▶ [TASK REQUIREMENTS]: An exact reproduction of the listing is wanted, with the pictures dropped.

▶ [DATA BELOW]:
* * * * *
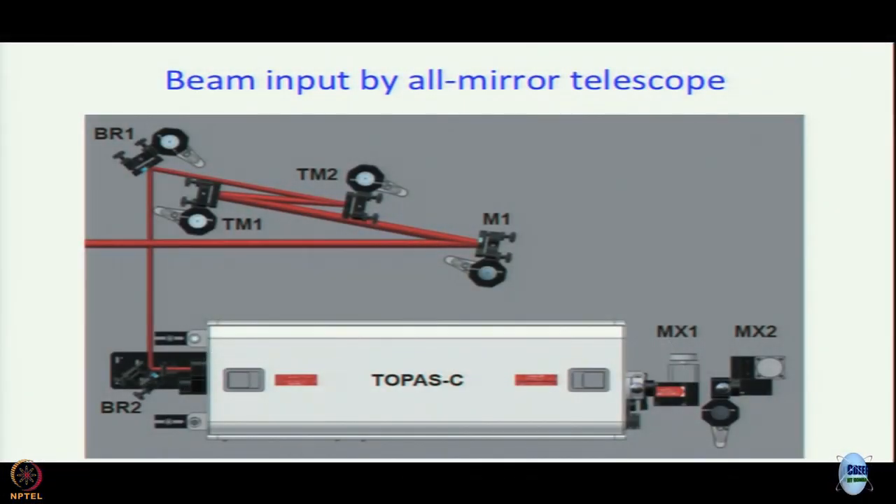We are discussing the optical parametric amplifier we have in the lab, Topaz C. What we have said so far is that we put in the pump beam — the output of the regenerative amplifier — using an all-mirror telescope. Why do we need so many mirrors?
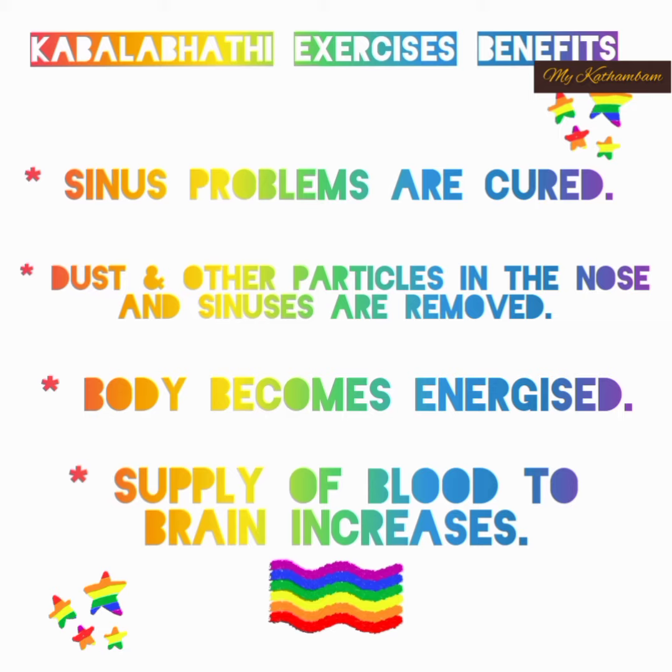Kapalapati exercise benefits: 1. Sinus problems are cured. 2. Dust and other particles in the nose and sinuses are removed. 3. The body becomes energized. 4. Supply of blood to the brain increases.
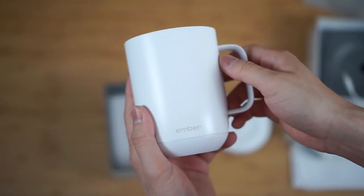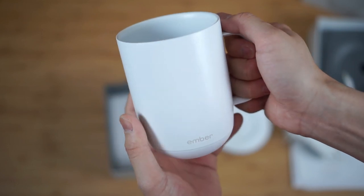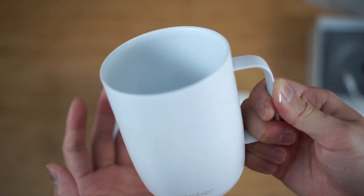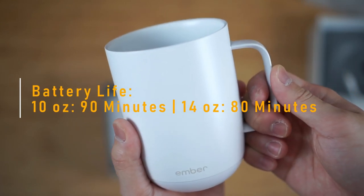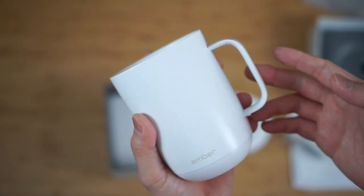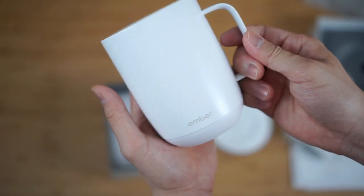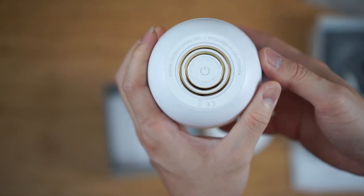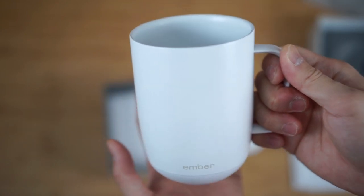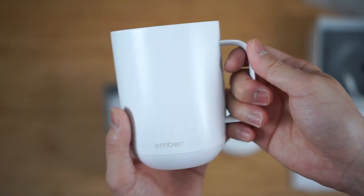My coworker did splurge a little bit and get the larger volume one — this is the 14-ounce version of the Ember Mug. They do make a slightly smaller one, which is the 10-ounce. One of the main differences is that the 10-ounce is rated for 90 minutes and the 14-ounce is only rated for 80 minutes. Both mugs are heated via a convection element. The Ember Mug 2 also improved the waterproofing — it is IPX rated, so it can be safely washed by hand and submerged in one meter of water, though you still probably shouldn't put it in your dishwasher.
* * * * *
▶ [TASK RESPONSE]:
We are discussing the optical parametric amplifier we have in the lab, Topaz C. What we have said so far is that we put in the pump beam — the output of the regenerative amplifier — using an all-mirror telescope. Why do we need so many mirrors?
Kapalapati exercise benefits: 1. Sinus problems are cured. 2. Dust and other particles in the nose and sinuses are removed. 3. The body becomes energized. 4. Supply of blood to the brain increases.
My coworker did splurge a little bit and get the larger volume one — this is the 14-ounce version of the Ember Mug. They do make a slightly smaller one, which is the 10-ounce. One of the main differences is that the 10-ounce is rated for 90 minutes and the 14-ounce is only rated for 80 minutes. Both mugs are heated via a convection element. The Ember Mug 2 also improved the waterproofing — it is IPX rated, so it can be safely washed by hand and submerged in one meter of water, though you still probably shouldn't put it in your dishwasher.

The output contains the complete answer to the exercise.